Nachdem die Beschwerdeführer mit Schreiben vom 14. Dezember 2018 bei der Oberstaatsanwaltschaft insistiert hatten (KG-act. 1/1), überwies die Oberstaatsanwaltschaft die Eingabe nach durchgeführtem Meinungsaustausch betr. Zuständigkeit an das Kantonsgericht Schwyz (KG-act. 1). Mit Verfügung vom 14. Januar 2019 wurde die Übernahme der Eingabe der Beschwerdeführer vom 5. Dezember 2017, soweit damit eine Rechtsverzögerung oder –verweigerung geltend gemacht wird, bestätigt. Am 17. Januar 2019 wurde den Beschwerdeführern die Frist zur Leistung einer Sicherheitsleistung abgenommen, nachdem sie ein Gesuch um unentgeltliche Rechtspflege gestellt hatten (KG-act. 7). Die kantonale Staatsanwaltschaft verzichtete mit Eingabe vom 18. Januar 2019 auf eine Beschwerdeantwort, merkte jedoch gleichzeitig an, dass die Beschwerdeführer zwischen dem 16. September 2016 bis zum 18. Januar 2018 17 Strafanzeigen gegen insgesamt 35 Personen eingereicht hätten, welche allesamt anfangs Januar 2018 sowie am 7. Februar 2018 mit Nichtanhandnahmen erledigt worden seien (KG-act. 8). Am 25. Januar 2019 reichten die Beschwerdeführer diverse Unterlagen zu ihrem Gesuch betreffend unentgeltliche Rechtspflege ein (KG-act. 10).
2. Gemäss Art. 5 StPO nehmen die Strafbehörden die Strafverfahren unverzüglich an die Hand und bringen sie ohne unbegründete Verzögerung zum Abschluss. Der Grundsatz des Beschleunigungsgebots ist ein wichtiger Teil des Anspruchs auf ein faires Verfahren und ist in Art. 29 Abs. 1 BV, Art. 6 Ziff. 1 EMRK sowie in Art. 14 Abs. 3 IPBPR verankert (Summers, in: Basler Kommentar, Schweizerische Strafprozessordnung, 2. Auflage, N 1 zu Art. 5 StPO; Schmid, Schweizerische Strafprozessordnung, Praxiskommentar, N 1 zu Art. 5 StPO).
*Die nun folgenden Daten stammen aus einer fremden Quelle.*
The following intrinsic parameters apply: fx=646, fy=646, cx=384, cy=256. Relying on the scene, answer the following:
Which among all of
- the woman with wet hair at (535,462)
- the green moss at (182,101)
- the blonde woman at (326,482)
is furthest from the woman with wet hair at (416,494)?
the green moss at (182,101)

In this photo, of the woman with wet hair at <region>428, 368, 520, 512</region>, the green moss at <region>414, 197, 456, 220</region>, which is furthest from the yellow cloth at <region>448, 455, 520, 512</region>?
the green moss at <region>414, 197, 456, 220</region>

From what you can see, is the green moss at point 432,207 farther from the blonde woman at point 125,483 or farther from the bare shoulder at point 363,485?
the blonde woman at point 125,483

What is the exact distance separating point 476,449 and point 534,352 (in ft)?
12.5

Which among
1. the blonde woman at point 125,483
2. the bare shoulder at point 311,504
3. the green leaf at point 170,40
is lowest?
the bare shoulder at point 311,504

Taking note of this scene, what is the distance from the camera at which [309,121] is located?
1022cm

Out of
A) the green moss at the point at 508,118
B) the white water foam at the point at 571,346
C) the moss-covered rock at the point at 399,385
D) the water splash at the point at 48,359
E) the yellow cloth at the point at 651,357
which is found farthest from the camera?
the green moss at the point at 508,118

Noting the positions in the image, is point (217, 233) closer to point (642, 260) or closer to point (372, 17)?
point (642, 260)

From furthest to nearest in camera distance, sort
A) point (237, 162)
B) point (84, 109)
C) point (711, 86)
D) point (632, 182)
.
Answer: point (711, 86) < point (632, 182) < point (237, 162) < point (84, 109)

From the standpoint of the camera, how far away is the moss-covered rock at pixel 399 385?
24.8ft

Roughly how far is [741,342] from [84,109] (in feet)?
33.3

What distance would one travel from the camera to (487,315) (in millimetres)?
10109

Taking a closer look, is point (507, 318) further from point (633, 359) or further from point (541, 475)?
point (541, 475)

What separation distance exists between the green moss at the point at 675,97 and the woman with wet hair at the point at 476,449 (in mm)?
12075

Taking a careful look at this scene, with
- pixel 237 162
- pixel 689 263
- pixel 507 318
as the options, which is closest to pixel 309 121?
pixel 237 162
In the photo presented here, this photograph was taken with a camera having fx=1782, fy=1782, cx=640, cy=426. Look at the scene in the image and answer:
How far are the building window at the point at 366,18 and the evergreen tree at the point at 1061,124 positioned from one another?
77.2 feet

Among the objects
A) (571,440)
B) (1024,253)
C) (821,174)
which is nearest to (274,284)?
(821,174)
Der Anspruch besteht primär für die beschuldigte Person, in etwas geringerem Ausmass jedoch auch für die übrigen Verfahrensbeteiligten wie die Privatklägerschaft (Schmid, a.a.O., N 1 zu Art. 5 StPO). Das Beschleunigungsgebot sagt nicht absolut, dass ein kurzes Verfahren besser als ein längeres ist. Es kann nicht dazu dienen, andere Garantien einzuschränken oder gar auszuhöhlen (Summers, a.a.O. N 1 zu Art. 5 StPO). Das Verfahren muss innert „angemessener Frist“ beendet werden. Die Angemessenheit der Verfahrensdauer wird angesichts der spezifischen Umstände des Falls und gemäss den relevanten Kriterien entschieden. Neben dem wichtigsten Kriterium, dem Verhalten der Behörden, sind verschiedene andere Faktoren zu berücksichtigen, wie der Umfang und die Komplexität des Falles, das Verhalten der beschuldigten Person und die Bedeutung des Verfahrens für die beschuldigte Person (Summers, a.a.O., N 7 zu Art. 5 StPO; Schmid, a.a.O., N 3 zu Art. 5 StPO). Beschwerden wegen Rechtsverweigerung und -verzögerung sind gemäss Art. 396 Abs. 2 StPO an keine Frist gebunden.
a) Die Beschwerdeführer haben die Ausführungen der kantonalen Staatsanwaltschaft in deren Beschwerdeantwort vom 18. Januar 2019, dass sämtliche von den Beschwerdeführern zwischen dem 16. September 2016 und dem 18. Januar 2018 eingereichten Strafanzeigen anfangs Januar 2018 sowie am 7. Februar 2018 durch Nichtanhandnahmen erledigt worden seien, nicht bestritten. Die Beschwerdeführer führten in den auf S. 6 ff. der Beschwerde erwähnten Strafverfahren in insgesamt 12 Fällen Beschwerden gegen die Nichtanhandnahmeverfügungen (SUB 2017 21-24, SUB 2017 29-36, bzw. BEK 2018 5, BEK 2018 6, BEK 2018 11, BEK 2018 17, BEK 2018 6+15), auf welche allesamt nicht eingetreten wurde. Ebenso blieben die dagegen erhobenen Beschwerden ans Bundesgericht erfolglos (BGer Urteile 6B_318/2018, 6B_319/2018, 6B_324/2018, 6b_330/2018, 6B_328/2018). Nachdem unbestritten ist, dass die erwähnten Strafuntersuchungen in der Zwischenzeit rechtskräftig mittels Nichtanhandnahmeverfügungen erledigt wurden, ist die diesbezügliche Rechtsverzögerungs-, bzw. Rechtsverweigerungsbeschwerde gegenstandslos geworden.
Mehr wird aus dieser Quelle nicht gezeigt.